- Task details
Write out again, exactly, the lines below starting at the one with "Height: Approximately 33cm" and ending at the one with "Noticias de @marcobueno11".

━━━━━ Data supplied ━━━━━

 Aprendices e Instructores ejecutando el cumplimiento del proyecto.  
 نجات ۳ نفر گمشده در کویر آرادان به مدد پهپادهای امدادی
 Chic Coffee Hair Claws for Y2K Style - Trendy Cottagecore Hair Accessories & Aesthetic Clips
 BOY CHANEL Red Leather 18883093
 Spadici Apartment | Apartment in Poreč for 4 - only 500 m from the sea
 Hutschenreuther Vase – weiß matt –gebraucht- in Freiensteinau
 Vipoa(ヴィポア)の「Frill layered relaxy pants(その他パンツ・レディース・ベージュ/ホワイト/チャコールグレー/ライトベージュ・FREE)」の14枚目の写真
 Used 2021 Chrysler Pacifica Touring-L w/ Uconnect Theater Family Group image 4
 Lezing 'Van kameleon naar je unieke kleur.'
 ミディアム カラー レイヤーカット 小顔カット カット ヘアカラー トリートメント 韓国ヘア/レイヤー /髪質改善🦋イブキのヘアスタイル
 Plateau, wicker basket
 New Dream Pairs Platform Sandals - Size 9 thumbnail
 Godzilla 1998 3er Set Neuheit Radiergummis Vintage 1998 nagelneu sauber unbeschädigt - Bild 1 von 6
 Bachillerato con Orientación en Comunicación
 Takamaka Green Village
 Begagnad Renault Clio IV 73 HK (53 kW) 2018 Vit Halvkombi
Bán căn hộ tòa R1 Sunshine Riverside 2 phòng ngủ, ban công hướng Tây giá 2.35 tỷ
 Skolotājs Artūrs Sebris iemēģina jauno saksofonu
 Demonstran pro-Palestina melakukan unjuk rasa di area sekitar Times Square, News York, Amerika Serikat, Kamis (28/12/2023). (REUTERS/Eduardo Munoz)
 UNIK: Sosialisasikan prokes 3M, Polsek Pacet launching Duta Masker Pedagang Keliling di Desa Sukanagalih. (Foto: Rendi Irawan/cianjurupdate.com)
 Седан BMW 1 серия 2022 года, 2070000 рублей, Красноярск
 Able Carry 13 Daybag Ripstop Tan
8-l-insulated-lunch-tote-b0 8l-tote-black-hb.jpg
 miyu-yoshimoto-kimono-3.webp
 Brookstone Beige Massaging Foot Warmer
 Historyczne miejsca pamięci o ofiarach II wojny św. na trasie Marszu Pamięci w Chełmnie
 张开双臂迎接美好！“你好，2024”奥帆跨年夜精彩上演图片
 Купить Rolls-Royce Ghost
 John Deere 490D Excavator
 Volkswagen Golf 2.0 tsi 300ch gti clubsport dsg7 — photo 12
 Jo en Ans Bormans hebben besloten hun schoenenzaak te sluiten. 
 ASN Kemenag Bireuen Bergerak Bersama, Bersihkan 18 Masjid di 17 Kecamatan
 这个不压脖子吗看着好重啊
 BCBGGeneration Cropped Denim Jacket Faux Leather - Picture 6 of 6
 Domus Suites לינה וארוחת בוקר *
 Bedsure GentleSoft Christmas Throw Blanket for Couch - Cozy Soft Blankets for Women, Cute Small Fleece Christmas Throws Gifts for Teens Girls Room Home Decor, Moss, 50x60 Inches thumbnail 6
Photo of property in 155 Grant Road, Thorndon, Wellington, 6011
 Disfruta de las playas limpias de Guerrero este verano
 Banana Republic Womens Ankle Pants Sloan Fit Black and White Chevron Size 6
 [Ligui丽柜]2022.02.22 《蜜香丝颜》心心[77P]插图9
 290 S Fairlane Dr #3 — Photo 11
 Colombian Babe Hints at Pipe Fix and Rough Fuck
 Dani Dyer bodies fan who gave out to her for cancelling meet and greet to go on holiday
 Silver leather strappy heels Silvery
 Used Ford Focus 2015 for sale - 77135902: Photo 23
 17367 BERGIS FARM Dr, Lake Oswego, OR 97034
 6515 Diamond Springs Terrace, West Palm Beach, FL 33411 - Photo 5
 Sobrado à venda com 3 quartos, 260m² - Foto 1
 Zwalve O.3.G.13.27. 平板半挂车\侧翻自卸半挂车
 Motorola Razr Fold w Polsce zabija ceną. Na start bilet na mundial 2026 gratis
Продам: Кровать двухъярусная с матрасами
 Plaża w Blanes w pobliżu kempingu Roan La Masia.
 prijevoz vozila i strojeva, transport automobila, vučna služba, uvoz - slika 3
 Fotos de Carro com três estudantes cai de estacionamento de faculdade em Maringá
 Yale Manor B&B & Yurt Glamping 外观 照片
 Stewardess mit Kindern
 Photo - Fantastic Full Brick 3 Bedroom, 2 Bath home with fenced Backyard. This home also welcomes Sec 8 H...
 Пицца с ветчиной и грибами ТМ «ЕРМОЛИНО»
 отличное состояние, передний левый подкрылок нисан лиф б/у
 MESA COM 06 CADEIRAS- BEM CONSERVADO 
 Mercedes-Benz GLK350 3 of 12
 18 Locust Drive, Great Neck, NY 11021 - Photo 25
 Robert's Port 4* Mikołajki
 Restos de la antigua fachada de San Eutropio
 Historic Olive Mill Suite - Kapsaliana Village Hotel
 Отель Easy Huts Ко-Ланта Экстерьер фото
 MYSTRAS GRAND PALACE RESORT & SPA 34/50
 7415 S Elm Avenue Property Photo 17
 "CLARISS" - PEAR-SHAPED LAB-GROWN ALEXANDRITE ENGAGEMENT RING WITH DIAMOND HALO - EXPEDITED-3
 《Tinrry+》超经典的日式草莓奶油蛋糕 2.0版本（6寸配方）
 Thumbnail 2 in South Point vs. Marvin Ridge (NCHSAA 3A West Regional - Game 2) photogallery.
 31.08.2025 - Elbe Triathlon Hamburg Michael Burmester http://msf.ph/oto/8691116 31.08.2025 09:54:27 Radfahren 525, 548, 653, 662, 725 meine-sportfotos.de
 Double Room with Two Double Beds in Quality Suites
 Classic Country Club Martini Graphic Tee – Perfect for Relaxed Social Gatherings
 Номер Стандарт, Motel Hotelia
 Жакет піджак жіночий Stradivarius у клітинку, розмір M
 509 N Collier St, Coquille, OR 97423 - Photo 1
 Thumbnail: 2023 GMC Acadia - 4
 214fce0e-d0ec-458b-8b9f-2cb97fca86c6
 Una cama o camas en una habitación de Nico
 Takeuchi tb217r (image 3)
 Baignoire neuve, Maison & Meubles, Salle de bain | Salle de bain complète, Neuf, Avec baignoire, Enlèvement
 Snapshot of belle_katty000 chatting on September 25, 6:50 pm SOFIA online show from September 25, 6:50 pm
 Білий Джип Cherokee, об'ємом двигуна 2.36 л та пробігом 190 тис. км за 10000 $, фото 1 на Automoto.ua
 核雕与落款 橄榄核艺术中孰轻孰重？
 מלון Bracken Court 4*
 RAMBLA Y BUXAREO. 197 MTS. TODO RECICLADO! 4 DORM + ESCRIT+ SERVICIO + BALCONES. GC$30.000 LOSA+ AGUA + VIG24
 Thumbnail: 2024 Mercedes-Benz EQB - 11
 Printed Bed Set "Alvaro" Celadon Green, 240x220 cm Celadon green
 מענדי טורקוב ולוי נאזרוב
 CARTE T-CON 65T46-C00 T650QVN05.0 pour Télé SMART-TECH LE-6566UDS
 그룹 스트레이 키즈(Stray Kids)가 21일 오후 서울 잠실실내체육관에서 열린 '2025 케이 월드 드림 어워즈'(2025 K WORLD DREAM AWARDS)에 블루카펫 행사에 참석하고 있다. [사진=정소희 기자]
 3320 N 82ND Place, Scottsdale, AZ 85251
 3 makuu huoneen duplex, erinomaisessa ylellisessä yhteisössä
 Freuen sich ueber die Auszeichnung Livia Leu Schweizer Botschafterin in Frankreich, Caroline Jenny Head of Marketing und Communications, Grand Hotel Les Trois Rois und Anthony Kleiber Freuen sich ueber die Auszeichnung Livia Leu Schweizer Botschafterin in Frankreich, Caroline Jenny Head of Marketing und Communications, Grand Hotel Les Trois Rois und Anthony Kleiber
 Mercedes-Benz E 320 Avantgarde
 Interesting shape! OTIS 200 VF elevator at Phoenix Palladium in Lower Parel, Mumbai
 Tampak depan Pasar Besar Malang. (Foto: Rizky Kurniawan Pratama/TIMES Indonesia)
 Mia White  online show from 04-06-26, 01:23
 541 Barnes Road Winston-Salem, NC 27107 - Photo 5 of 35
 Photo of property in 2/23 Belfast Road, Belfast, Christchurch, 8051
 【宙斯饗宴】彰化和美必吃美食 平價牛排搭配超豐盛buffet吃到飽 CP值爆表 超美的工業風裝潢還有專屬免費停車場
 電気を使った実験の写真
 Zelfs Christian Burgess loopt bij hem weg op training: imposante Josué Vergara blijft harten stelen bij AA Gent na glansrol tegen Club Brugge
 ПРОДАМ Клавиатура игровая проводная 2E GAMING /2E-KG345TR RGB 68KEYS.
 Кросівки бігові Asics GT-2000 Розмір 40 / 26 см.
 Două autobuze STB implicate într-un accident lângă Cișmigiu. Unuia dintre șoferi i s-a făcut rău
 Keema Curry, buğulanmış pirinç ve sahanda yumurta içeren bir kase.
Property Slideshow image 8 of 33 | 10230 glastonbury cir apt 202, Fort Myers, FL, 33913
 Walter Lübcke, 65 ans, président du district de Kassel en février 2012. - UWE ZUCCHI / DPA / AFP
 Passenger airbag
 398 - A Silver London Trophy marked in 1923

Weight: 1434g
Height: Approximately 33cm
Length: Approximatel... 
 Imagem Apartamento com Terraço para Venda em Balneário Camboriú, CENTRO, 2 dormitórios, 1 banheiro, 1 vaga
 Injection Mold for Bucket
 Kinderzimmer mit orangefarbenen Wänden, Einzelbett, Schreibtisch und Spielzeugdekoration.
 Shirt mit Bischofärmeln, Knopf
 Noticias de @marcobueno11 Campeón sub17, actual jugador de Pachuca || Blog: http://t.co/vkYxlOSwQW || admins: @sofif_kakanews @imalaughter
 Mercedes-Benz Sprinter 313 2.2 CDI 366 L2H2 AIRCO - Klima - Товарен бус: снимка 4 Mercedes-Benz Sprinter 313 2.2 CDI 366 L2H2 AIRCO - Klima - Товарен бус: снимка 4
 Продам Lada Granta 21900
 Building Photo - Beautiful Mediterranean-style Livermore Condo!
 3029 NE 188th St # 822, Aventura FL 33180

━━━━━

- Solution for this problem
Height: Approximately 33cm
Length: Approximatel... 
 Imagem Apartamento com Terraço para Venda em Balneário Camboriú, CENTRO, 2 dormitórios, 1 banheiro, 1 vaga
 Injection Mold for Bucket
 Kinderzimmer mit orangefarbenen Wänden, Einzelbett, Schreibtisch und Spielzeugdekoration.
 Shirt mit Bischofärmeln, Knopf
 Noticias de @marcobueno11 Campeón sub17, actual jugador de Pachuca || Blog: http://t.co/vkYxlOSwQW || admins: @sofif_kakanews @imalaughter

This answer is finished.